In her 2020 We Walk book, Lutz talked about the phenomenon of inspiration porn, such as viral videos of a cheerleader taking an autistic teen to the prom. Lutz does not see these videos as a show of pity, but rather as a show of kindness, "which is something that should be applauded always."

Lutz discussed Jonah's treatments, as well as case studies of other autistic people with highly intensive support needs, in her 2014 book, Each Day I Like It Better. In Jonah's case, by the time he was 10, he had attacked family and helpers, and he was violent not only to others but himself. He had been treated with applied behavior analysis and medications, but with limited effect. As he aged and became larger and closer to puberty (which would make him more difficult to manage), the family turned to electroconvulsive therapy (ECT). Initially, ECT was needed three times a week, but, over time, Jonah was weaned from ECT to where he is stabilized at three treatments a month. After treatment, he was back to school and family trips and "had virtually no outbursts and much improved mood". In 2025, Lutz stated that Jonah, then 26, was "doing very well ... he is happy and thriving". Lutz believes that "ECT provided life-changing degrees of improvement."

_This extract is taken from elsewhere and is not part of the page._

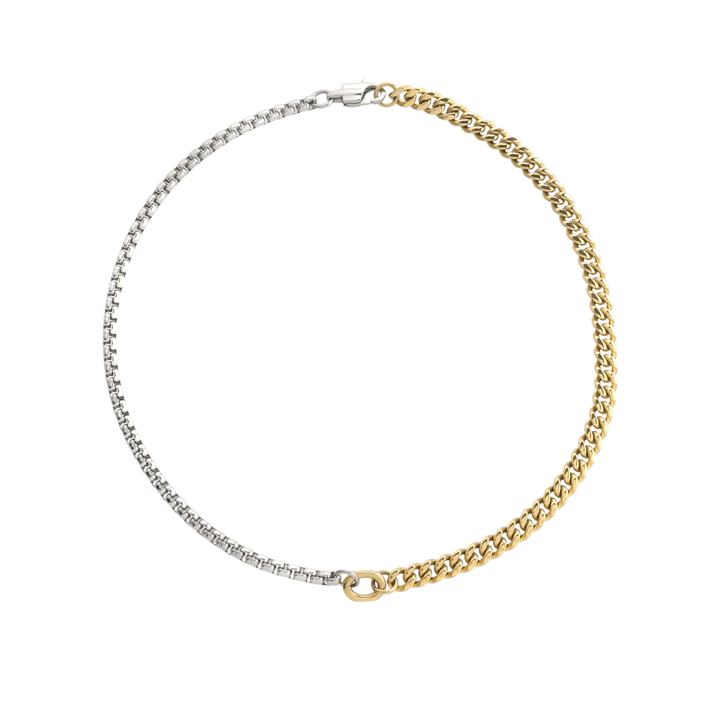 Close-up of OPPOSITES ATTRACT CHAIN NECKLACE, two-tone chain with silver box links on one side and gold Cuban links on the other, joined at the center with a gold oval connector. |||  MIX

In April 2025, Lutz wrote an op-ed for Persuasion responding to controversial statements about the autistic community made by prominent anti-vaccine activist and recently appointed U.S. Secretary of Health and Human Services Robert F. Kennedy Jr. In the article, Lutz characterized Kennedy's comments—specifically his assertions that autistic people would never pay taxes, play baseball, write a poem, go on a date, or use the toilet unassisted—as "benign" when interpreted as applying only to autistic people with highly intensive support needs. Lutz criticized Senator Elizabeth Warren for labeling Kennedy's characterization of autistic people "disgusting," claiming that it was equivalent to calling her son and those like him disgusting. Lutz also criticized Holly Robinson Peete for pushing back on Kennedy's claim that "autism destroys families," accusing the actress of not acknowledging that families like hers and Lutz's had the skills and resources to avoid such destruction. Lutz stated, "...[I]t neither dilutes nor defangs our advocacy to thank Secretary Kennedy for shining a light on the segment of the autism spectrum that has been increasingly marginalized by a focus on the most capable, and to agree that this very vulnerable and impaired population must be foregrounded in our national conversations about autism research, policy, and practice." Lutz said she did not defend Kennedy unconditionally and acknowledged that he was wrong to claim vaccines caused autism, hire discredited anti-vaccine activist David Geier to spearhead research, and promise to determine the causes of autism within five months.

=== Organizations ===
Lutz was one of the founders of the National Council on Severe Autism (NCSA).

Lutz also serves on the Independent Autism Coordinating Committee which was formed by some scientists, former members of a key advisory panel, and some autism organizations in response to Kennedy appointing all new members to a key federal advisory panel.

==Publications==
As of December 2025, Scopus lists 11 publications by Lutz, which have been cited 124 times and a h-index of 5.

===Books===
- Chasing the Intact Mind: How the Severely Autistic and Intellectually Disabled Were Excluded from the Debates That Affect Them Most (2023). Oxford University Press. ISBN 978-0197683842.
- We Walk: Life with Severe Autism (2020). ILR Press. ISBN 978-1501751394.
- Each Day I Like It Better: Autism, ECT, and the Treatment of Our Most Impaired Children (2014). Vanderbilt University Press. ISBN 978-0826503558.

===Selected articles===
- Bioethicists Should Speak Up Against Facilitated Communication. with Dominic Sisti. July 29, 2024. The Hastings Center for Bioethics.
- I'm tired of disability activists pretending my son doesn't exist. November 8, 2023. The Washington Post.
- What the Heck Is ABA, Anyway?. May 16, 2021. Psychology Today.
- Who Decides Where Autistic Adults Live?. May 26, 2015. The Atlantic.
- Where Should Special Needs Kids Be Special?. March 16, 2013. Slate magazine.

==Personal life==
She lives outside Philadelphia with her husband and five children.